Ilya Ehrenburg considered himself an “average writer”: “I know that what I write today is necessary to people now, but tomorrow they won’t need it,” he told the art historian Igor Golomstock. His sentimental novella The Thaw, published in 1954, a year after Stalin’s death, gave its name to an era in Soviet history. Although his many books are now forgotten, Ehrenburg’s metaphor remains as useful for historians today as it was for people living in the Soviet Union in the 1950s and 1960s. In Moscow in February 1956, after Nikita Khrushchev denounced Stalin and the Terror in a “secret speech” at the Twentieth Party Congress, “you could smell the thaw,” Golomstock wrote.

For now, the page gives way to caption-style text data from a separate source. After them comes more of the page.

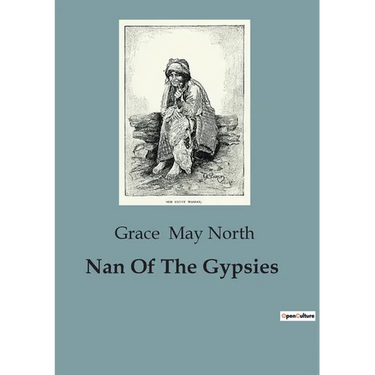 Nan Of The Gypsies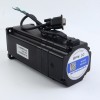P serie Nema 34 Gesloten Lus Stappenmotor 12Nm (1700oz.in) met elektromagnetische rem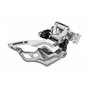 Câmbio Dianteiro Sram XX
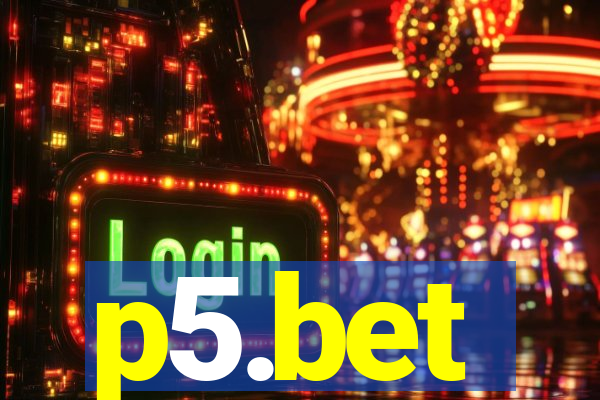 p5.bet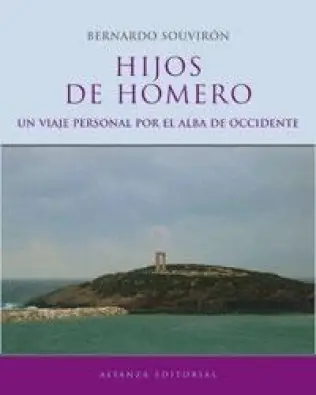 Imagen del producto 9788420620008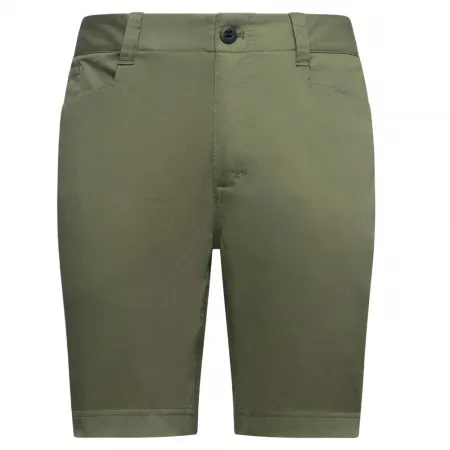 라스포르티바 Mainliner 반바지 2142655910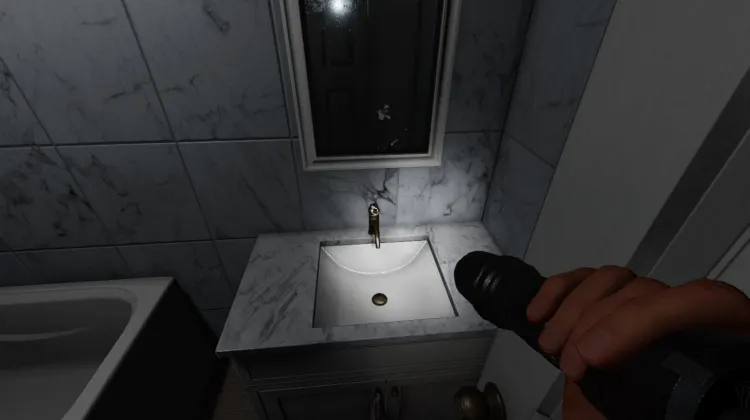 Évier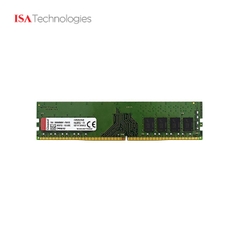 RAM Kingston PC 8GB DDR4 3200 KVR32N22S8L/8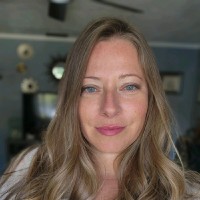Brandi Mckay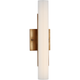 Precision 15" Bath Light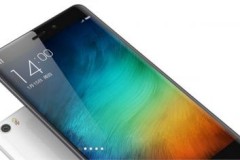 Xiaomi có còn là tên thương hiệu lớn?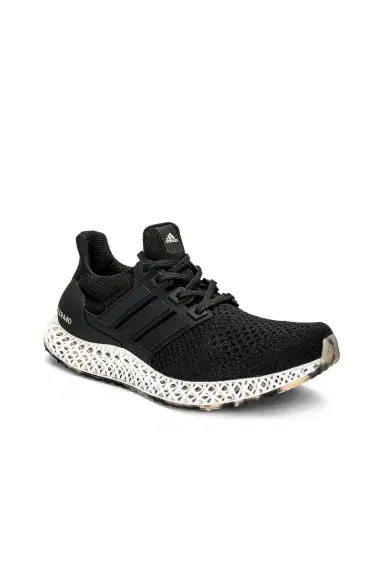 adidas Originals Ultra 4D | Thumbnail 2 adidas Originals Ultra 4D | Thumbnail 2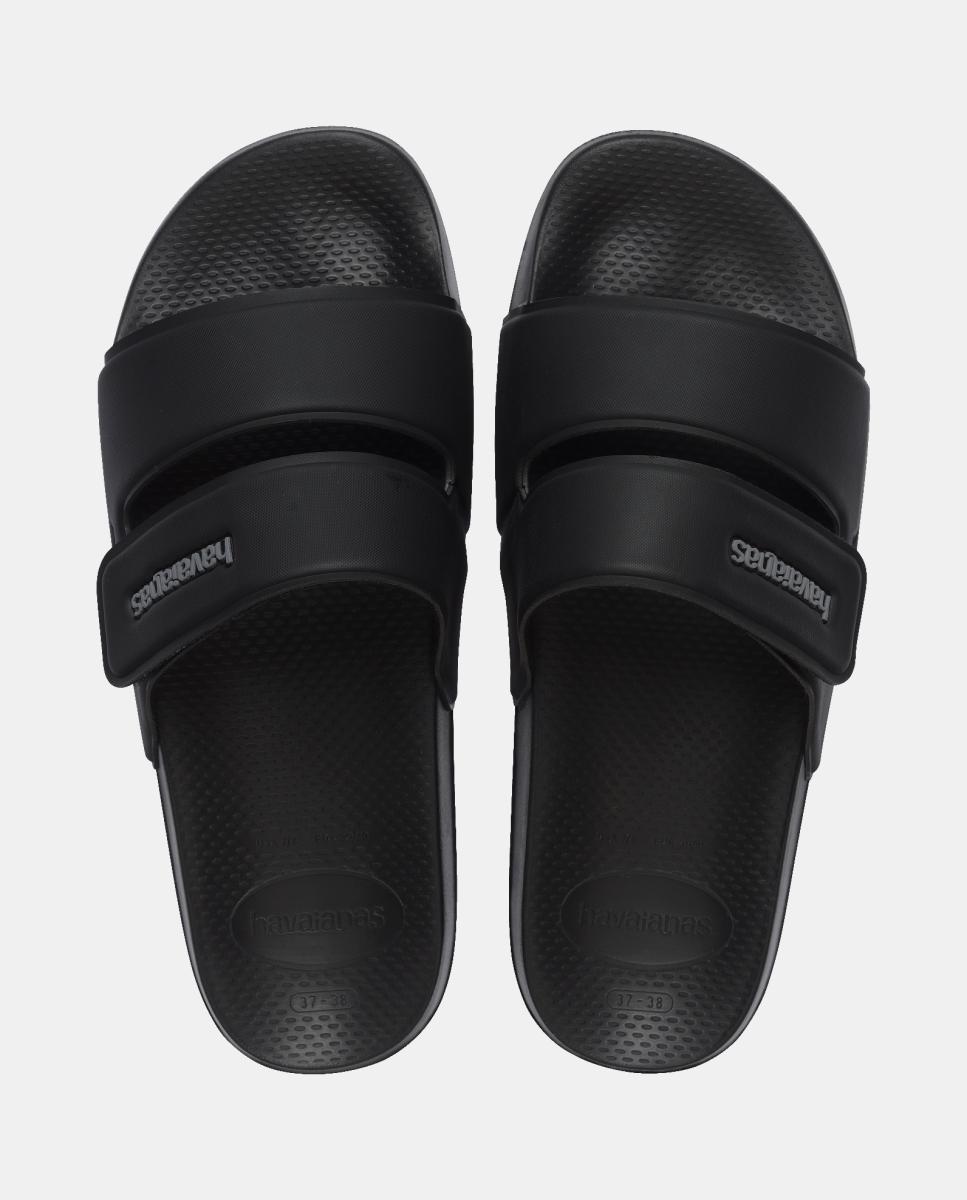 Imagem 0 de Chinelos Homem Slide Havaianas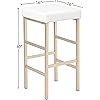 Product Photo 10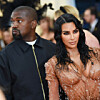 GettyImages-1147427757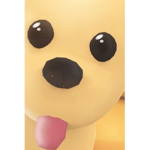 Robux :o wow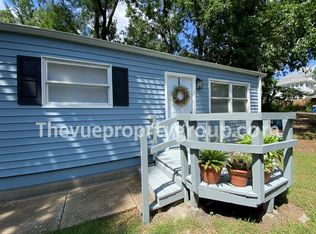 1648 S 4th St, Terre Haute, IN 47802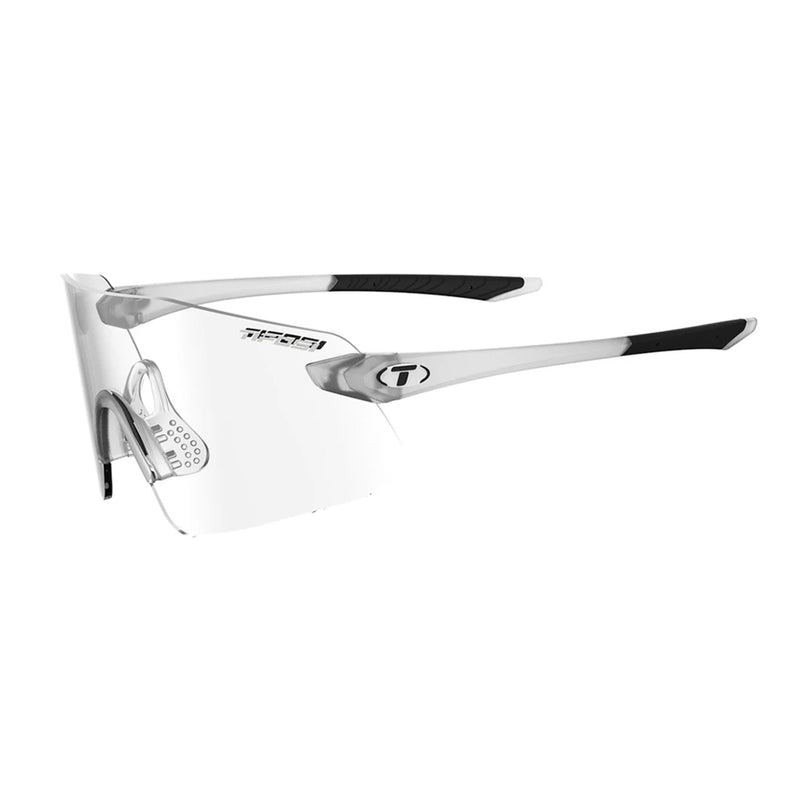 Load image into Gallery viewer, Tifosi Vogel SL Sunglasses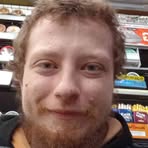 Gabriel Conner - Facebook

“Thaw” is an ambiguous image. It suggests movement and mess. When snow and ice melt, they expose debris and scars in the landscape, as well as the shoots of new life. And in the cycle of the seasons, the cold eventually comes back. By 1962, when there was an ideological crackdown, Golomstock thought the short spring of cultural freedom was over. “I had no faith in the thaw,” he writes at the end of his newly translated memoir, A Ransomed Dissident, “because I understood that in Russia everything will always find a way back into its usual rut.”1

Golomstock was born in Kalinin in 1929, into a family of Karaite (ethnically Turkic) Jews. He died in 2017, having spent over half his life in Great Britain. His reminiscences begin with his father’s arrest in 1934 “for anti-Soviet propaganda” and his boyhood in Kolyma, in far-eastern Siberia, where his mother worked as a doctor in a labor camp. As a child, Golomstock spoke “in a half-criminal jargon.” He saw “fugitives baited with dogs, a guard shooting a prisoner he didn’t like.” In 1943 he returned to “starving Moscow,” where intellectual schoolmates “initiated [his] ascent from savage to Homo sapiens.” Golomstock went on to become a distinguished art historian. His encounters with Western culture during the Thaw helped to make him a dissident (in Russian inakomyslyashchii, or “differently-thinking-person”).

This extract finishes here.